I love that! From ignorance to knowledge to obedience! You see, we don’t read or study the Bible purely for information but for transformation. Now…to be sure…we have to know and understand what the Bible says before we can put it into practice. But faithful disciples of Jesus Christ aren’t simply collecting Bible-information so they can win Bible-Jeopardy one day. We have to obey God’s Word if we would be transformed.
Well…finally…let me ask you this: Have you ever read (I mean really studied) the Sermon on the Mount? I remember what happened to me when I finally started getting what Jesus was talking about. I felt despair. And I think that’s the whole point. But maybe you’re asking why I felt that way. Well, because in the Sermon on the Mount, Jesus said things like…
“Anyone who breaks one of the least of these commandments and teaches others to do the same will be called least in the kingdom of heaven.” (5:19)
“Unless your righteousness surpasses that of the Pharisees and teachers of the law, you will certainly not enter into the kingdom of heaven.” (5:20)
“I tell you that anyone who is angry with his brother will be subject to judgment.” (5:22)
“Anyone who looks at a woman (or man) lustfully has already committed adultery in his heart.” (5:28)
“If your right eye causes you to sin, gouge it out and throw it away…If your right hand causes you to sin, cut it off and throw it away.” (5:29-30)
Beloved, that’s just from the first half of chapter 5. There’s still the second half of chapter 5…and all of chapters 6 and 7. So much for “Gentleman Jesus, meek and mild.”
My point is that it’s those words…and the many, many other words like those that Jesus is saying we are to read, study, and put into practice. That’s why I felt despair and guilt the first time I really started understanding what Jesus was talking about.
But as I said…I think that’s the point. Those feelings of despair, guilt, and hopelessness are there to drive us to the Cross of Christ. They are to drive us to God’s gracious provision in the person and work of his Son, Jesus Christ. Only Jesus put those words into practice and perfectly practiced them. And that’s why he was and is the only acceptable sacrifice to the Father on our behalf.
That’s why we are saved only when we place our trust and in him and alone and love him as our Savior, Lord, and all-sufficient Treasure. He is the pearl of great price.
Now don’t get me wrong. I’m not contradicting everything I just said. We are indeed to strive to be more and more obedient to God’s Word with each and every passing day, week, month, and year. It’s how we glorify God and become more like Christ. We must put his words into practice. That’s a non-negotiable.

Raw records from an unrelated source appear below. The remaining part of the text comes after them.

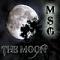 msg_themoon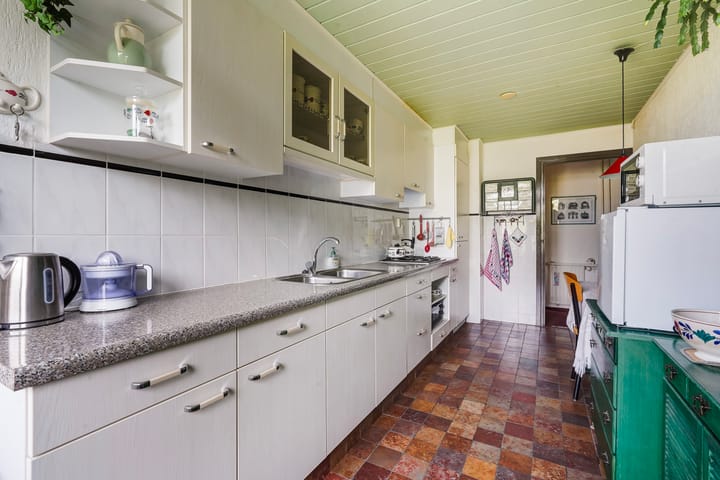 Foto 11 van Jan Steenstraat 80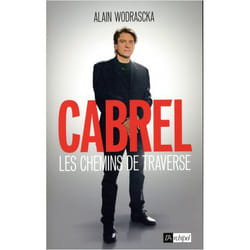 ISBN 9782809815825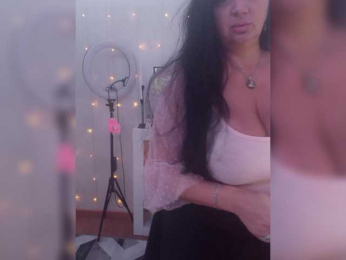 Lana73 webcam model stream image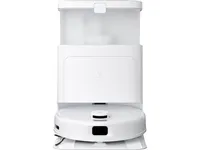 Ecovacs Deebot N30 Pro Omni Robottipölynimuri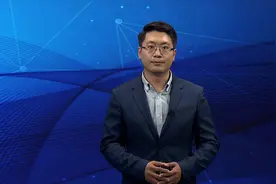 新华微评 | 破解“作业困局”尤需各尽其责视频封面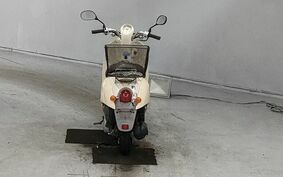 HONDA CREA SCOOPY AF55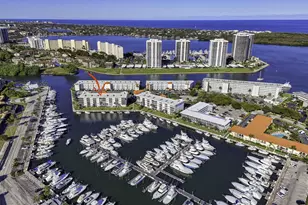 21 Yacht Club Dr, North Palm Beach, FL 33408 - Photo 34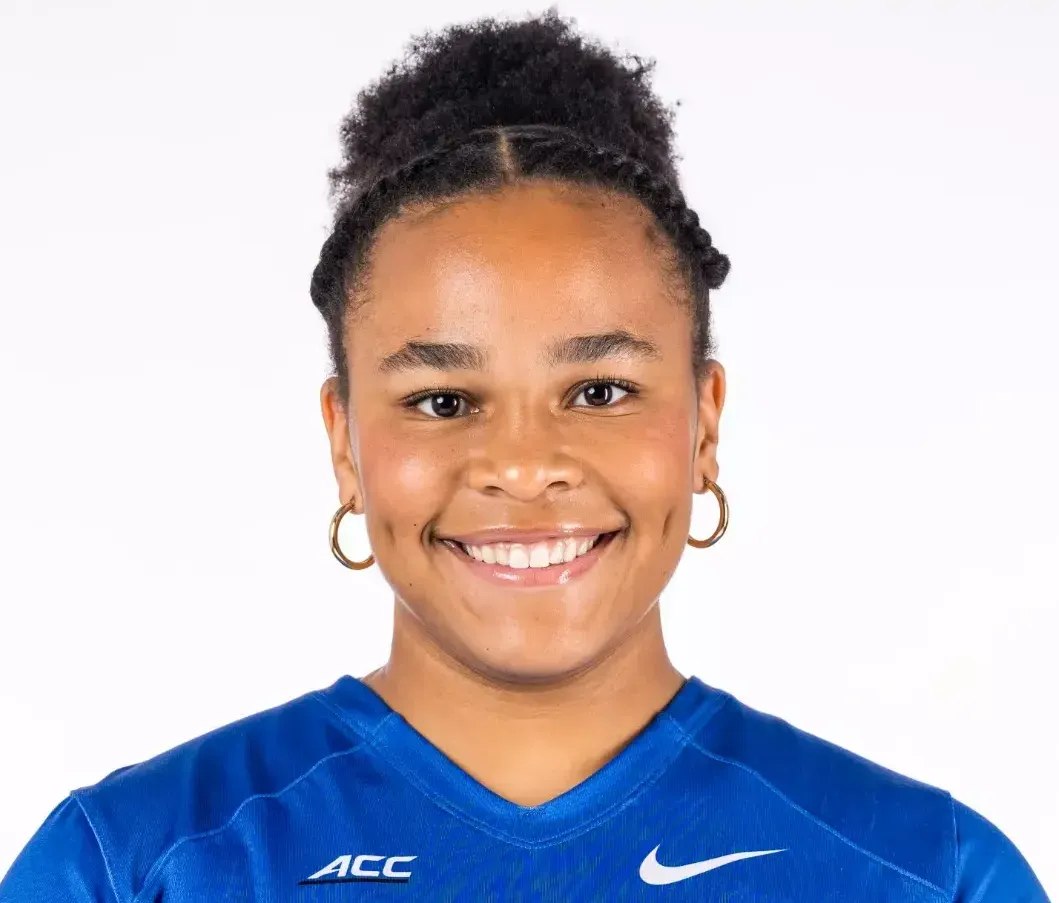 Sydney Smith, Lacrosse, undefined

But at the end of the day, you aren’t trying to obey Jesus in order to save yourself with your own good works. You can’t do that anyway. You’re seeking to obey Jesus by putting his words into practice because he has already saved you by his grace. Your obedience, while required in a very qualified sense, is evidence of a grateful heart. And it will be his Spirit working in and through you that will give you a desire to obey him and will enable you to do so.
And that’s how you show Jesus and the world that you love him…by obeying him. Jesus said in John 14:15…
“If you love me, you will obey what I command.
And in John 14:21…
Whoever has my commands and obeys them, he is the one who loves me. He who loves me will be loved by my Father, and I too will love him and show myself to him.”
That’s what it means to be a faithful disciple of Jesus Christ. What could be better than that?